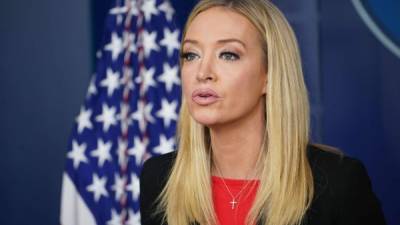 La portavoz de Trump, Kayleigh McEnany, afirmó que 'quienes asediaron violentamente' el Capitolio no representan a la administración del magnate./AFP.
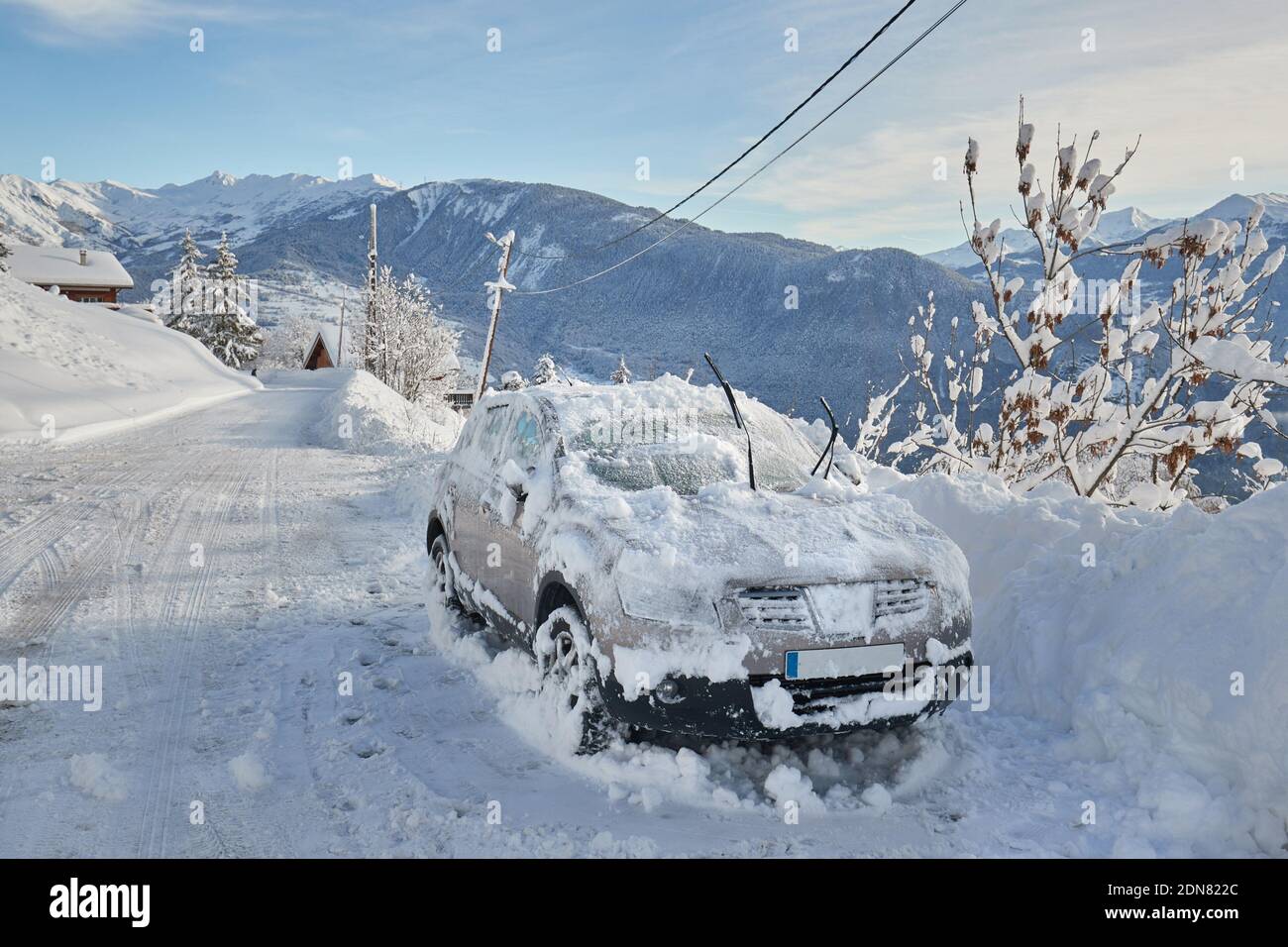 Narrow road snowy high mountain hi-res stock photography and images - Alamy
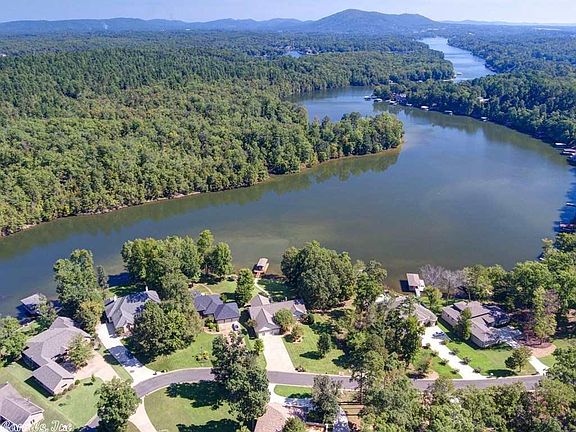 3rd image of 146 Lake Forest Shores Dr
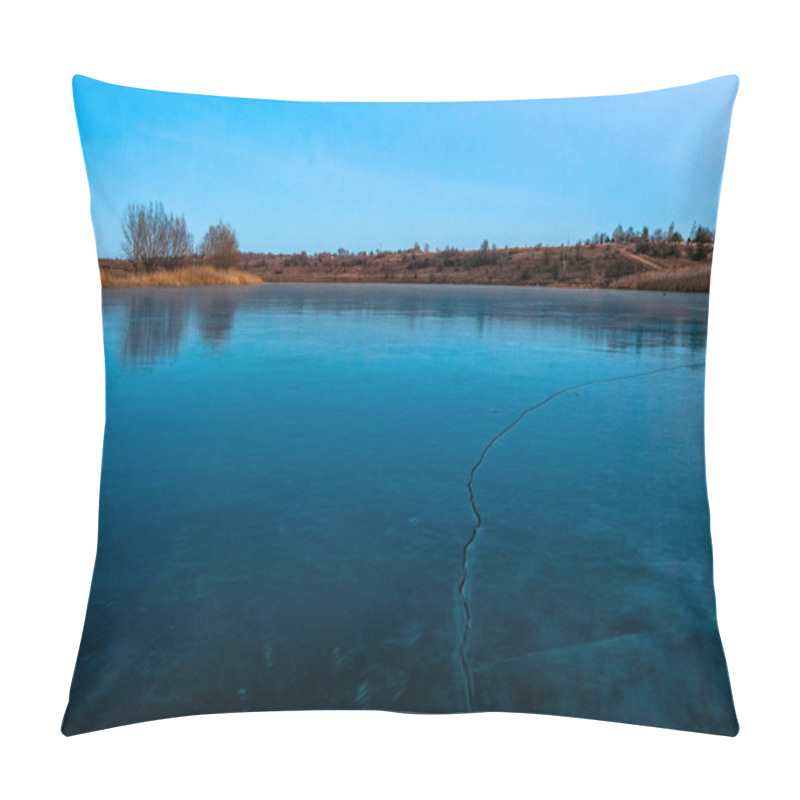 Personality  Winter Lake With Ice And Snow Pillow Covers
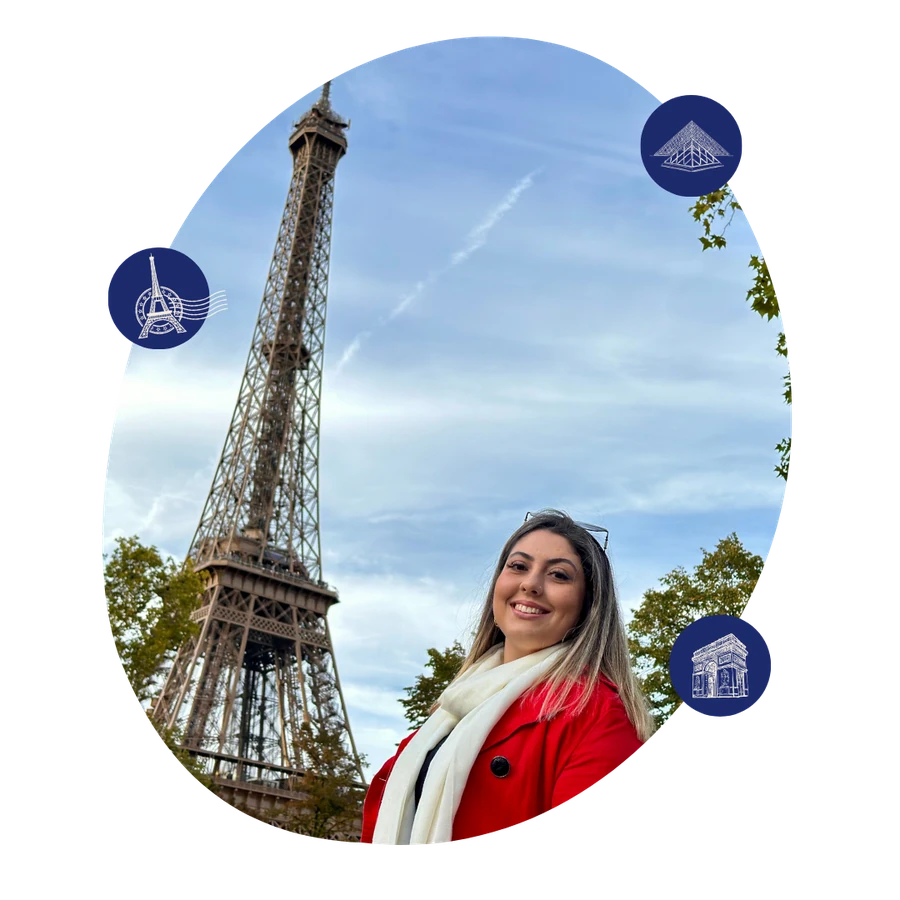 Gabriela em frente à Torre Eiffel, em Paris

Exercise details
In the records above, find the line that contains "3rd image of 146 Lake Forest Shores Dr", then write it out along with every line after it, exactly, through the last one. Leave the pictures out.

Problem solution
 3rd image of 146 Lake Forest Shores Dr
 Personality  Winter Lake With Ice And Snow Pillow Covers
 Gabriela em frente à Torre Eiffel, em Paris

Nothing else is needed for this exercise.